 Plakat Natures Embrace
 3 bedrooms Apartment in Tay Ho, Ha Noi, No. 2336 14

::::::

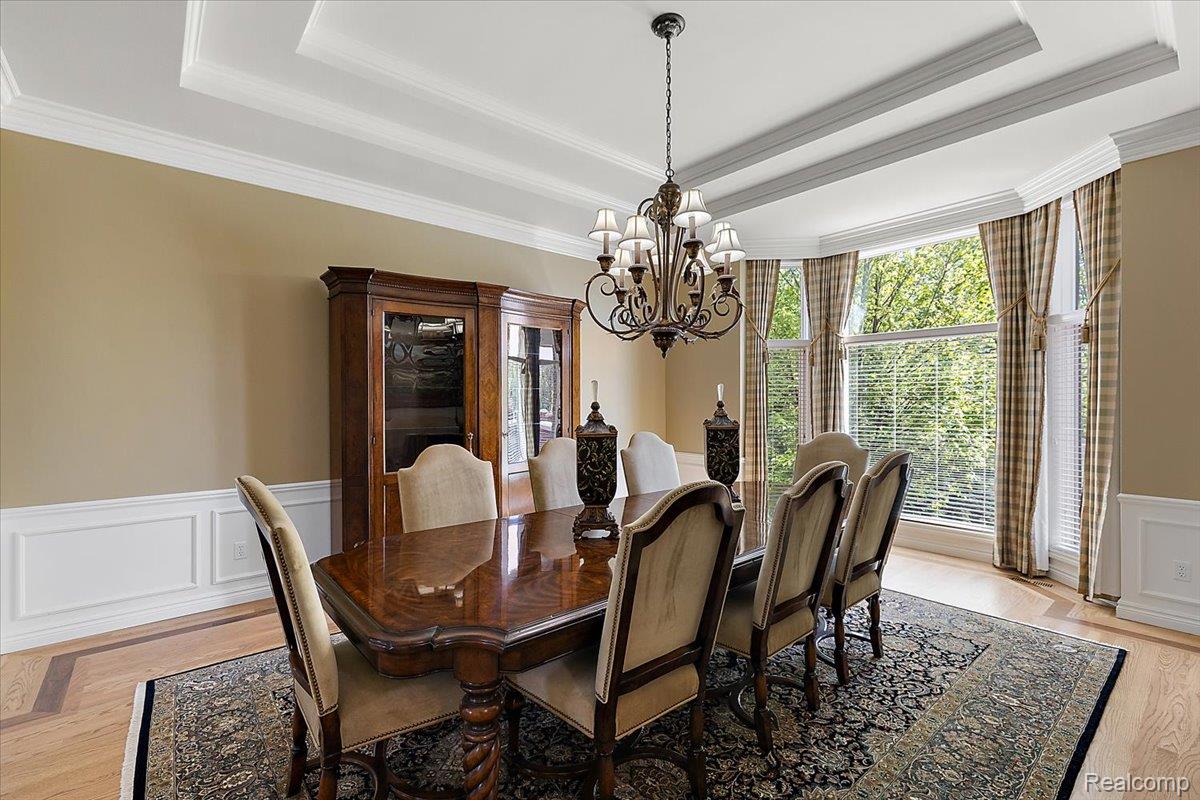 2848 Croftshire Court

::::::

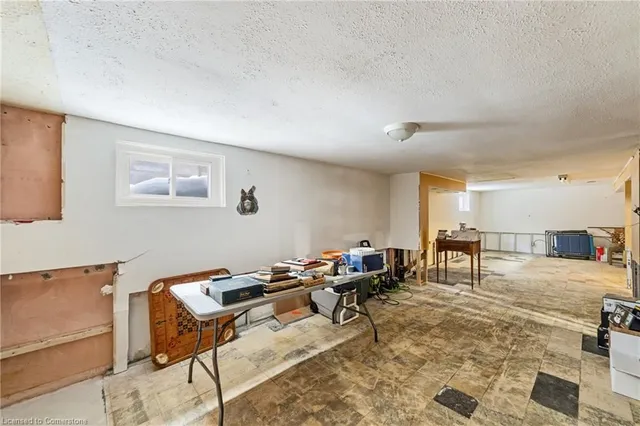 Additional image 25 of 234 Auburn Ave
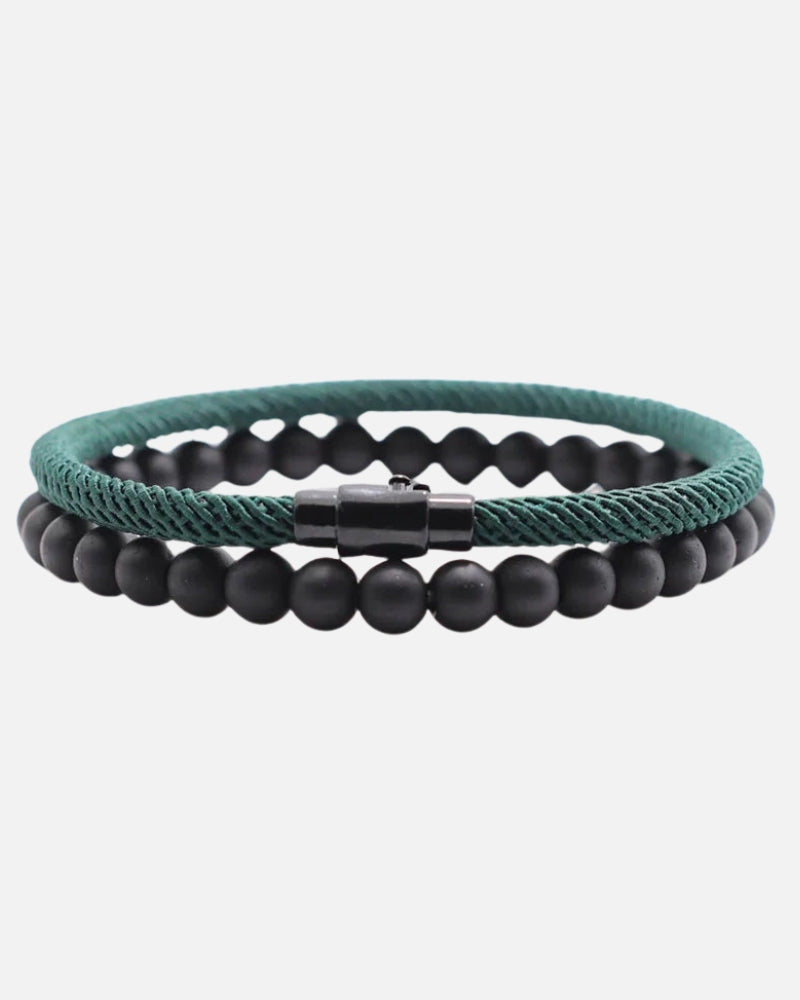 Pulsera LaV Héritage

::::::

What you will do: Find where the line with "Additional image 25 of 234 Auburn Ave" sits in the material above and where the line with "Pulsera LaV Héritage" sits. Set down exactly the lines from the first to the second, both included and nothing else, without pictures.

Exercise answer:
 Additional image 25 of 234 Auburn Ave
 Pulsera LaV Héritage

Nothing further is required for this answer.